These unit tests are built around the Googletest unit testing framework. The overarching goal of this set of tests is that we should be able to run it as often as possible, at least every commit, and ideally more often! Therefore, each individual test should be very fast -- preferably less than 10 ms per test. Each test should aim to test a single function, but there may be multiple tests per function.
There is a top-level make target make check-unit-tests
that will run
the unit test suite. Currently, this just builds and runs a single
executable, serial_tests
, that contains of the tests that need
to/can be run serially. To list the names of these tests, run:
./serial_tests --gtest_list_tests
You can then run a subset of tests using
./serial_tests --gtest_filter=POSTIVE_PATTERNS[-NEGATIVE_PATTERNS]
which will run only the tests whose name matches one of the positive patterns but none of the negative patterns. '?' matches any single character; '*' matches any substring; ':' separates two patterns.
Run
./serial_tests --help
to get a more complete list of options.
In a perfect world, the unit tests would test every single line of code in the BOUT++ library. You can see exactly which lines they do cover using gcov. BOUT++ provides a configure flag and make target to set this up for you. To get a coverage summary, run the following:
# Set up the correct flags, etc.
./configure --enable-code-coverage <other configure flags>
# Compile the main BOUT++ library
make
# Remove any old coverage information
make code-coverage-clean
# Run the test suite
make check-unit-tests
# Gather the code coverage information and produce a summary
make code-coverage-capture
This will produce a set of HTML files with information about which source lines are hit while running the tests. Once complete, you can open bout-coverage/index.html to see a summary.
-
Note:
make code-coverage-capture
will most likely produce lots of warnings like:geninfo: WARNING: no data found for /usr/include/c++/4.8/bits/shared_ptr_base.h
These can be safely ignored, so you may wish to generate the coverage report with
make code-coverage-capture 2> /dev/null
We expect that any new feature or function implemented in BOUT++ also has some corresponding unit tests. See the Googletest primer for an introduction to writing tests using Googletest.

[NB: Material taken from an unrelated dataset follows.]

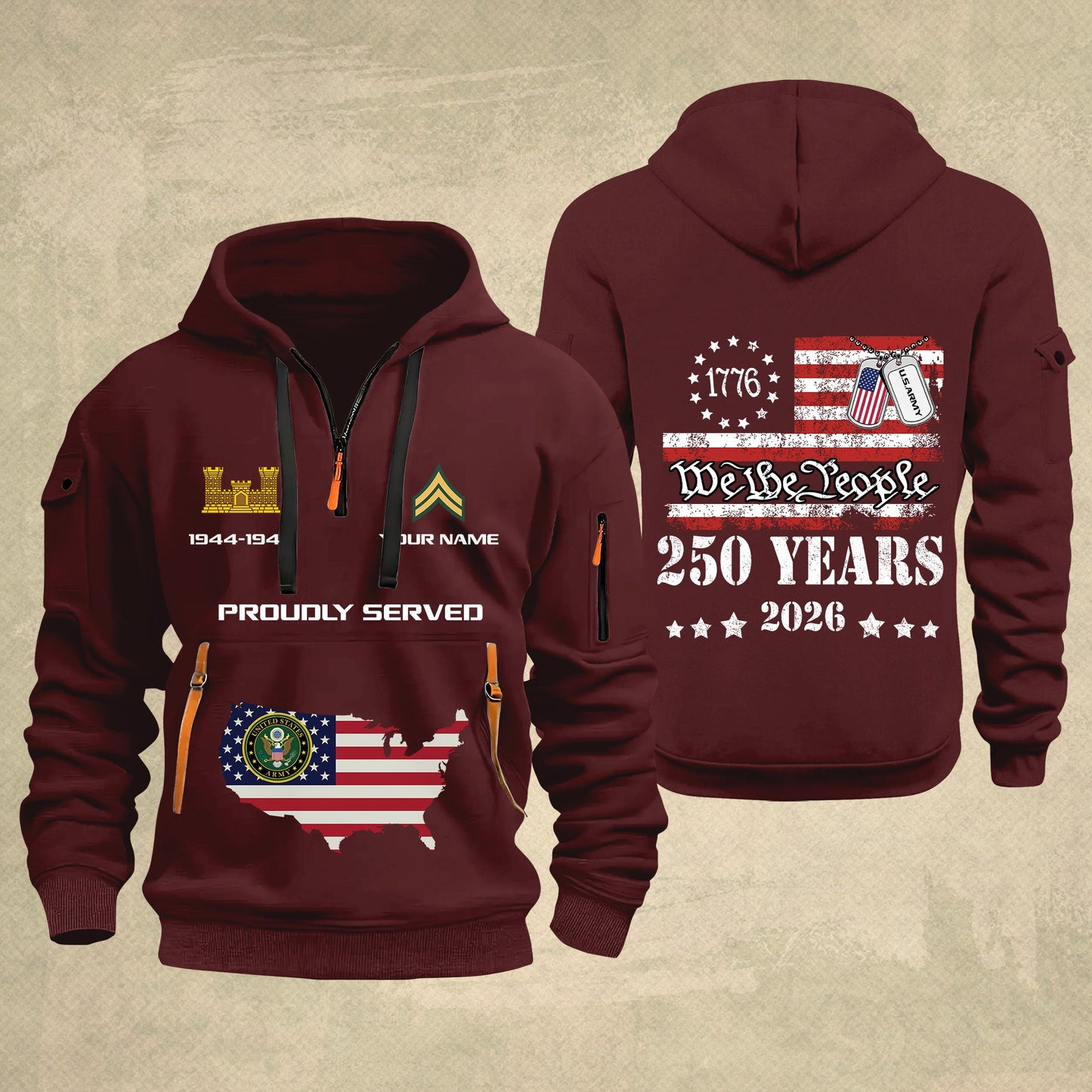 Army Branch - Personalized 250th America Anniversary Zip Hoodie Multicolor – Custom Military Branch, We The People, Independence Day - 1769212801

The tests are laid to (roughly) mirror the structure of the main
source code, with one test file per implementation file, in the
corresponding directory, e.g. for src/field/field3d.cxx
, there is
tests/unit/field/test_field3d.cxx
which contains the tests for the
Field3D
class.
There are some helper functions and classes
in test_extras.hxx, notably FakeMesh
. This is an
implementation of the Mesh
class with the bare minimum needed to
work. It should as little work as possible -- no file I/O, no
communication, etc. To see it in action, look at
the Field3D tests.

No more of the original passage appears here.